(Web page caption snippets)

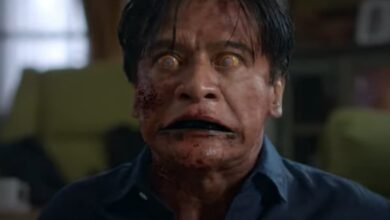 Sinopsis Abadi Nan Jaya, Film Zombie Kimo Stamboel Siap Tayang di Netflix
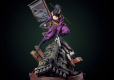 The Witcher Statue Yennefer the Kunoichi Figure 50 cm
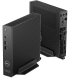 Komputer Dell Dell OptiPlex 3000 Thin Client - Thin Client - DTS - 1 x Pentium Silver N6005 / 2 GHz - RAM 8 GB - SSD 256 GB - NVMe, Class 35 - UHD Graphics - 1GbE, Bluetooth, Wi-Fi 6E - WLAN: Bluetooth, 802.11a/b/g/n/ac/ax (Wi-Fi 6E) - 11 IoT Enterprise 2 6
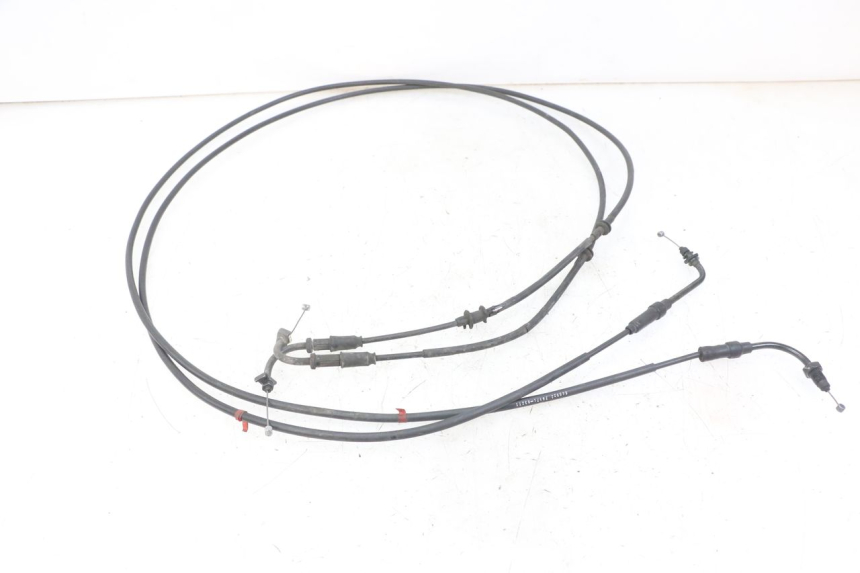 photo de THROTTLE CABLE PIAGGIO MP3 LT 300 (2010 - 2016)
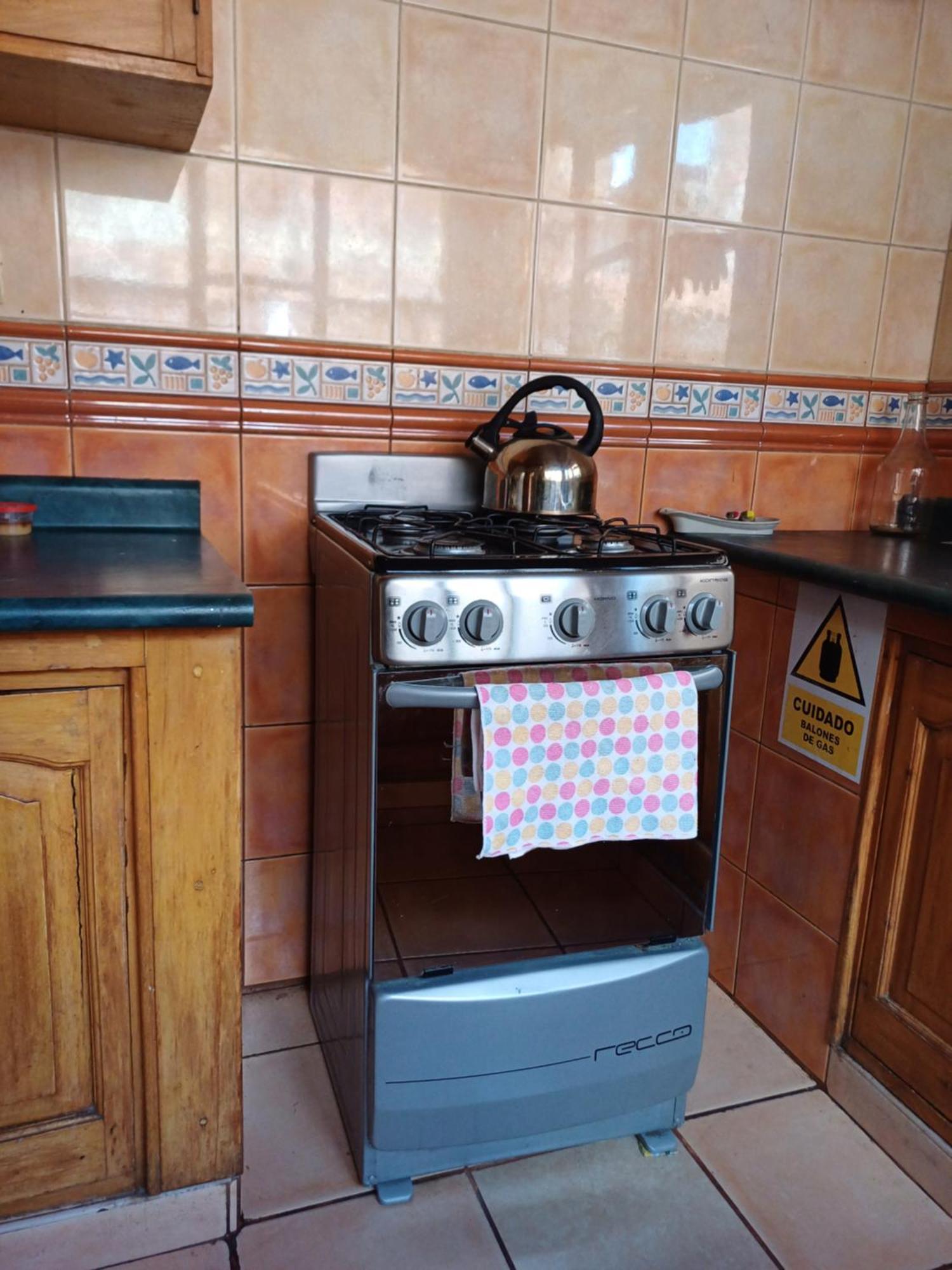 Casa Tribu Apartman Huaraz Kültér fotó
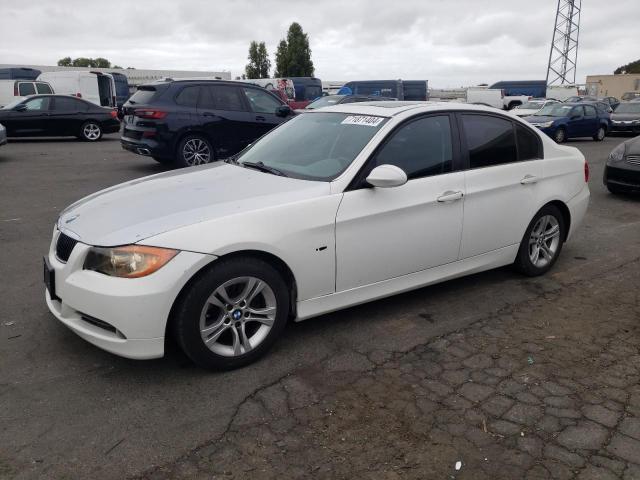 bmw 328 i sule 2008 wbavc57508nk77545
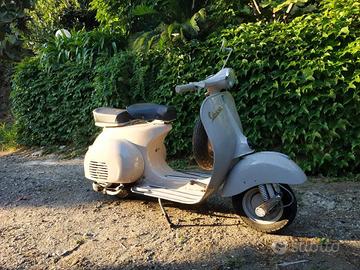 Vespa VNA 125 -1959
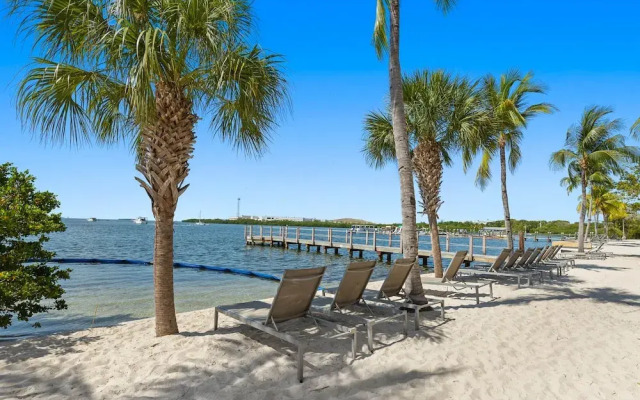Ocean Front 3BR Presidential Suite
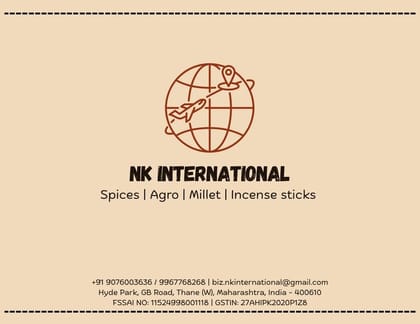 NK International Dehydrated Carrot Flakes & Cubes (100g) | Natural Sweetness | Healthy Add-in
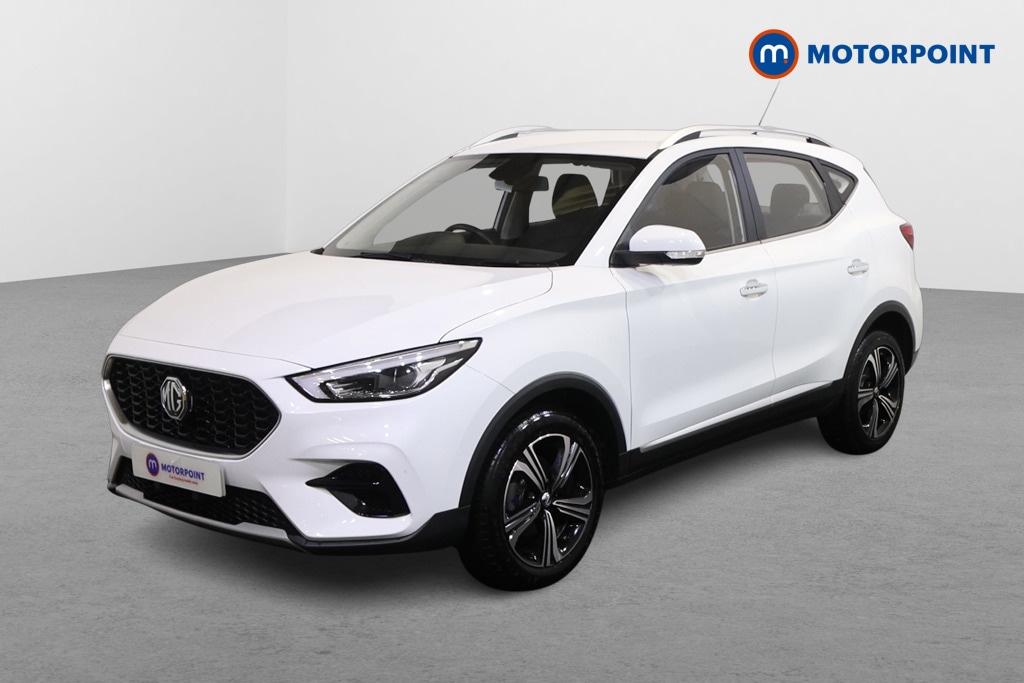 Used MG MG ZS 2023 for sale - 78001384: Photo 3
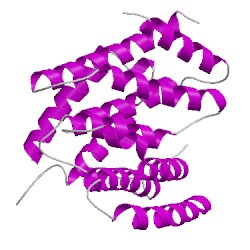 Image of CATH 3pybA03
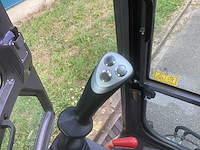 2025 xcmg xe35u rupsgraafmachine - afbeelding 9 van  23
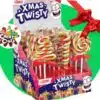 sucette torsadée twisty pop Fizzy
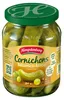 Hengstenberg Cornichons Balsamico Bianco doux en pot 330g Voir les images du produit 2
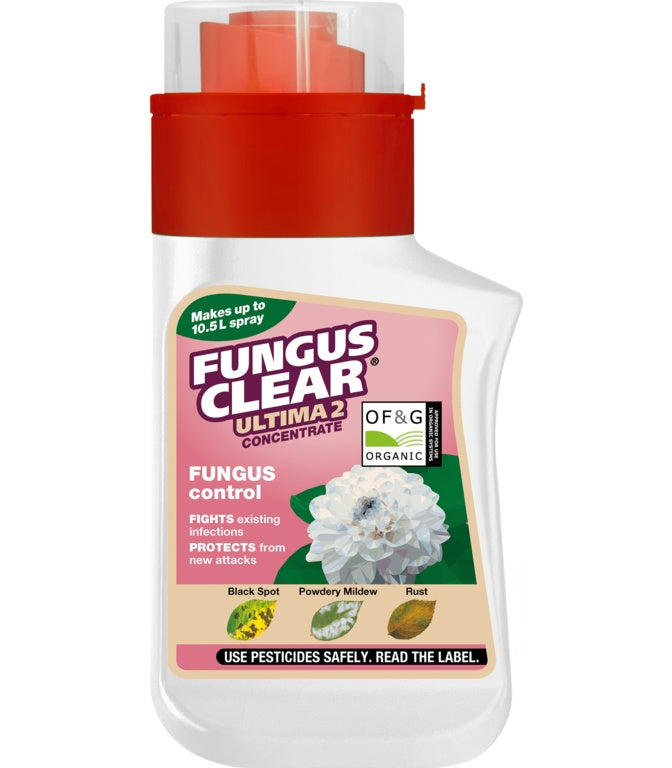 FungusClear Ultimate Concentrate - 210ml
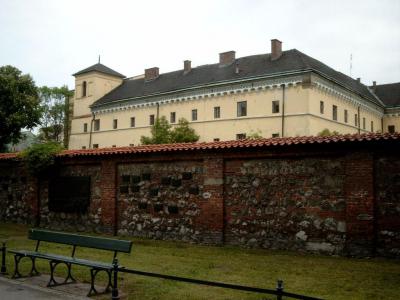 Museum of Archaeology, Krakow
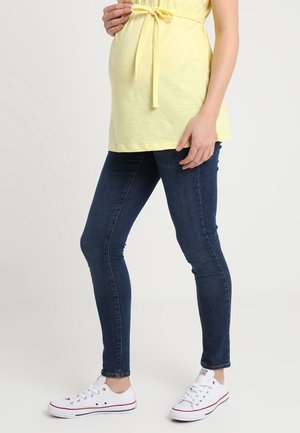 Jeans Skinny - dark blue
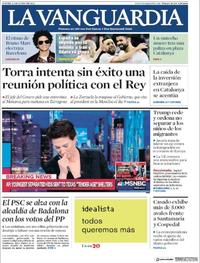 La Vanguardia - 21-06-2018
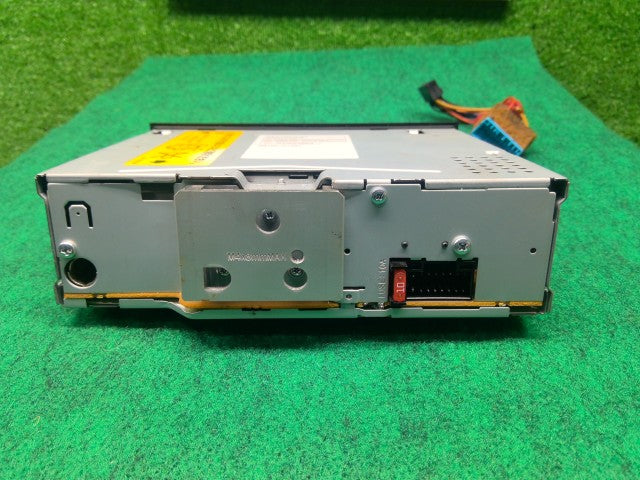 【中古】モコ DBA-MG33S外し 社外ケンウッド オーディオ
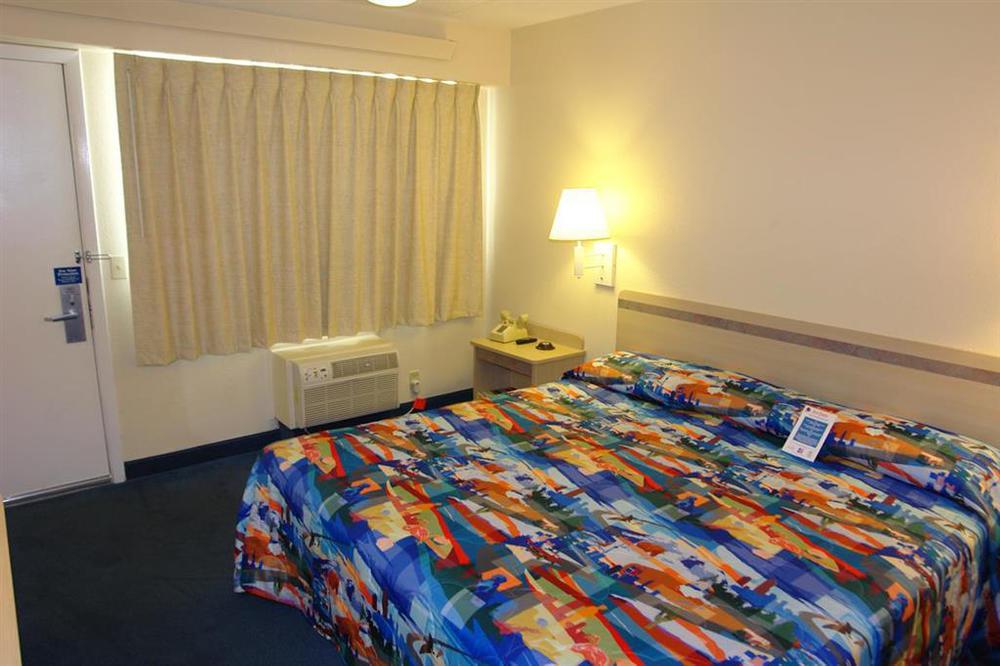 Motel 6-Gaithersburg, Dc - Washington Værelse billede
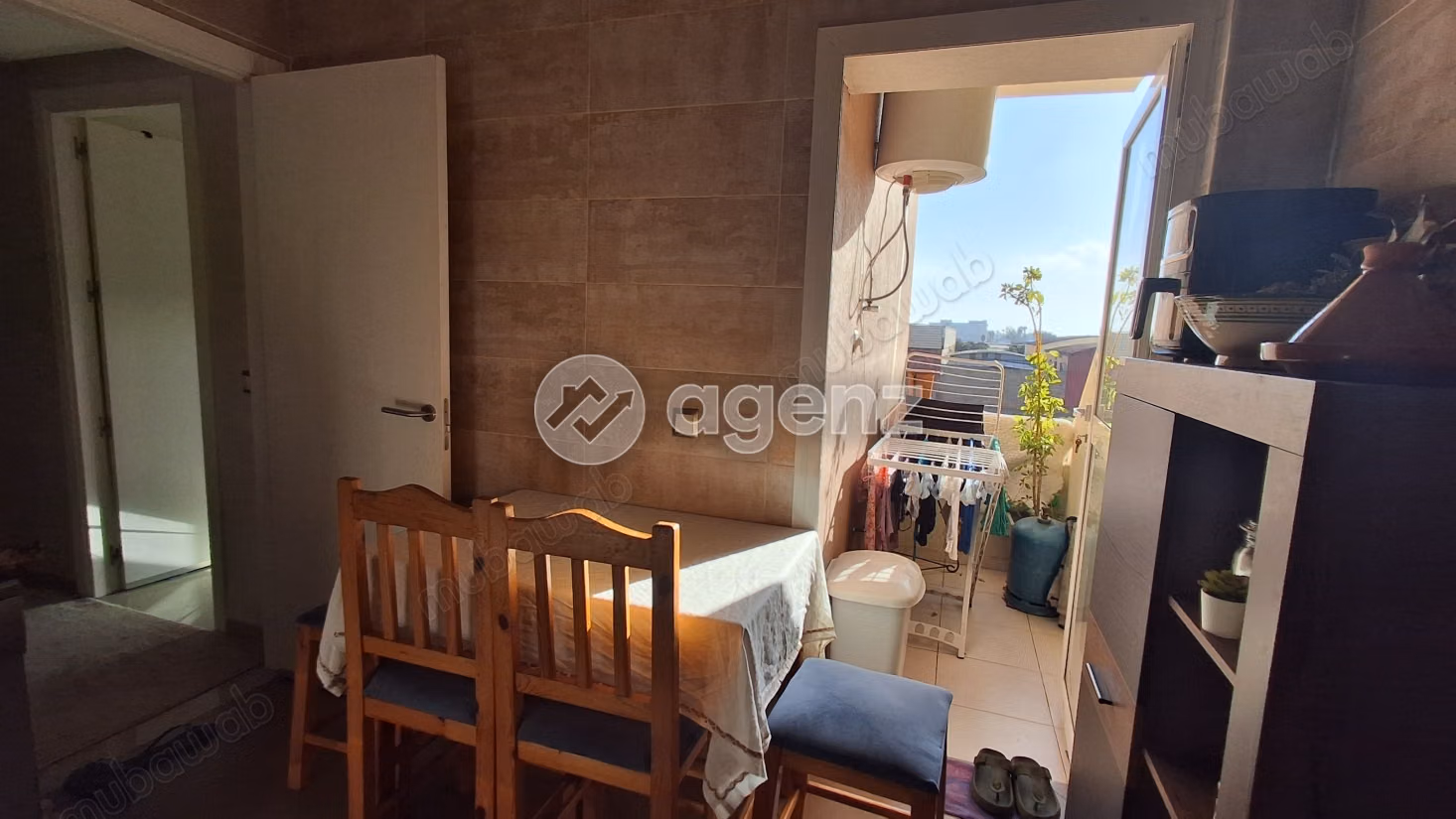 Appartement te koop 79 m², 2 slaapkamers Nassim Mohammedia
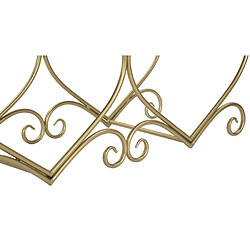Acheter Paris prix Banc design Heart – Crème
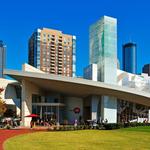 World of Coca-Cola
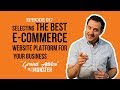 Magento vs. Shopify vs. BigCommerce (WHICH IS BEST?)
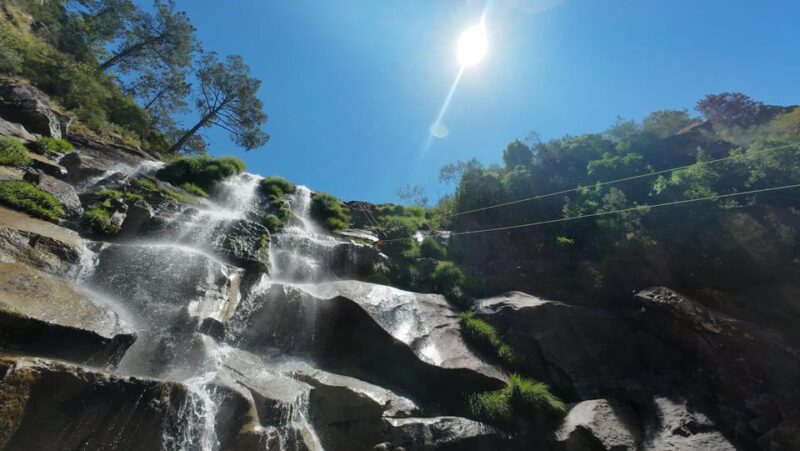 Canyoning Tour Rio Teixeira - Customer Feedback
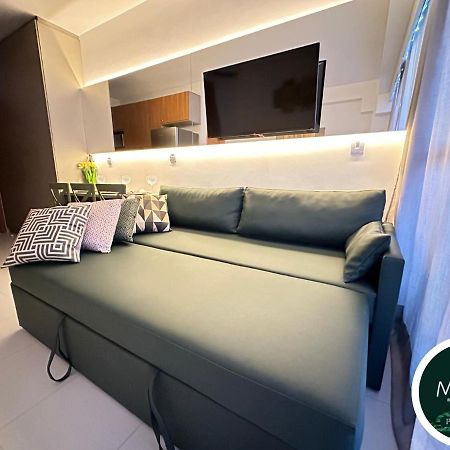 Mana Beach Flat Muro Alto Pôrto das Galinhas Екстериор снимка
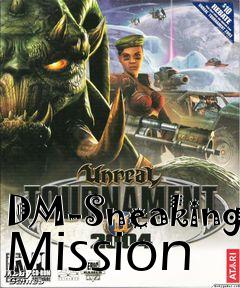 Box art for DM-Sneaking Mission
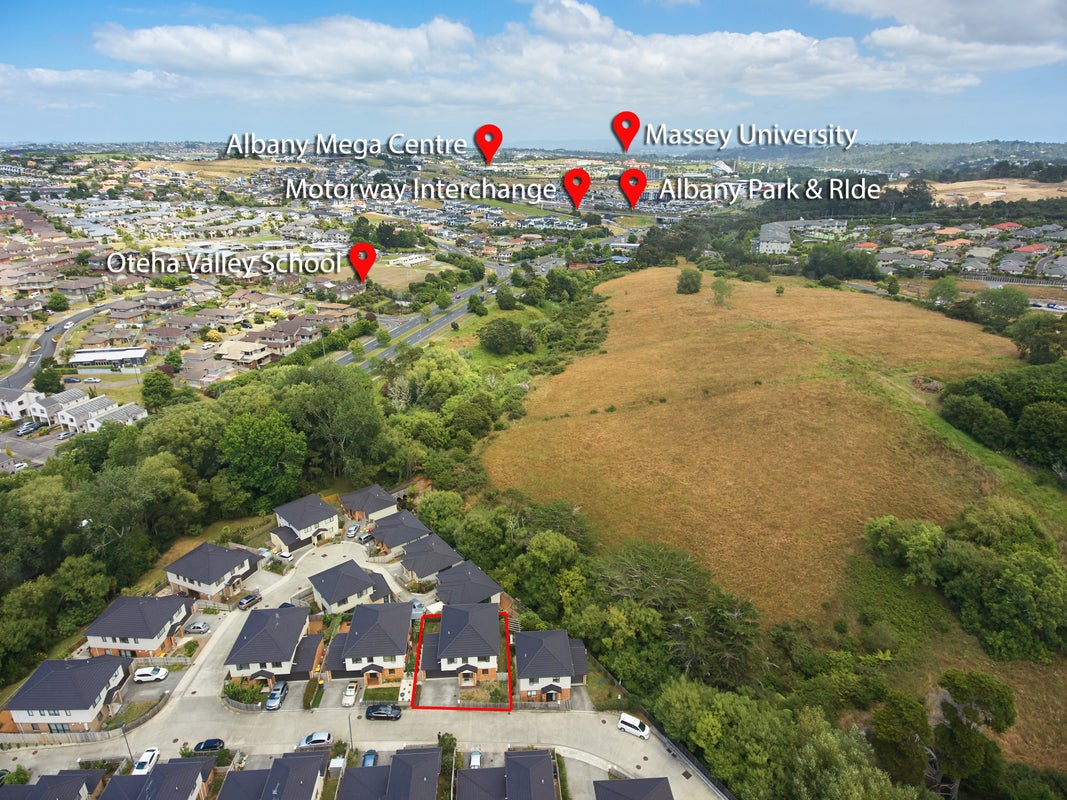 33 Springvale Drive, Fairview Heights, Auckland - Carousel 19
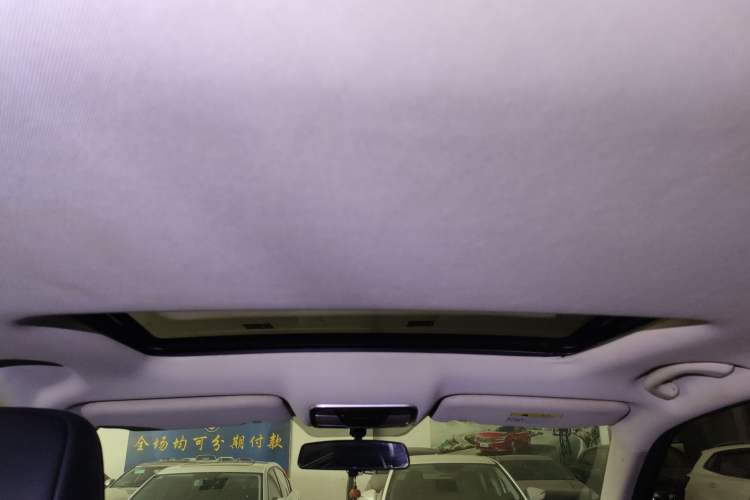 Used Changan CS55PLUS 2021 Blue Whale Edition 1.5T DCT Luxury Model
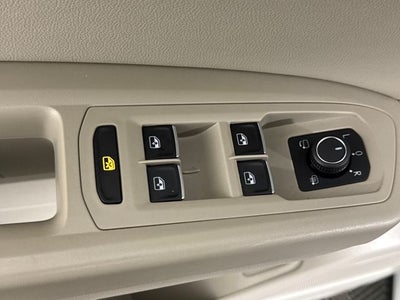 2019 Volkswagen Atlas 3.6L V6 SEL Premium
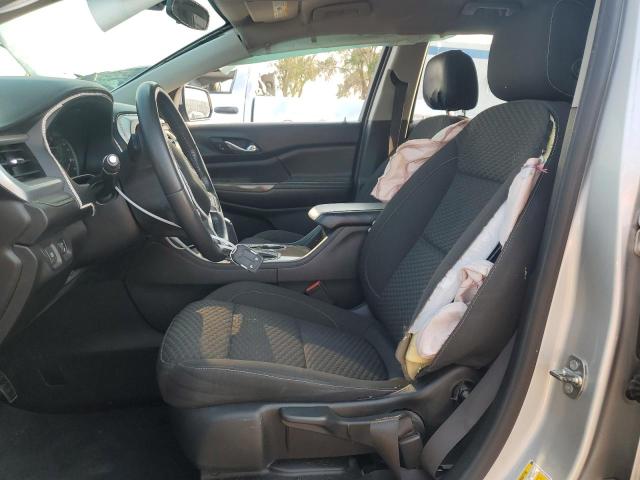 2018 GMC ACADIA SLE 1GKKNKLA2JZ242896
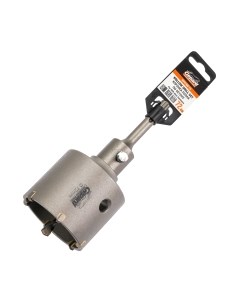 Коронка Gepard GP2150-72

What to work on – All that is wanted is the lines above between the one containing "Ocean Front 3BR Presidential Suite" and the one containing "sucette torsadée twisty pop Fizzy", inclusive, restated word for word, with pictures omitted.

Reply to the task –
Ocean Front 3BR Presidential Suite
 NK International Dehydrated Carrot Flakes & Cubes (100g) | Natural Sweetness | Healthy Add-in
 Used MG MG ZS 2023 for sale - 78001384: Photo 3
 Image of CATH 3pybA03
 2025 xcmg xe35u rupsgraafmachine - afbeelding 9 van  23
 sucette torsadée twisty pop Fizzy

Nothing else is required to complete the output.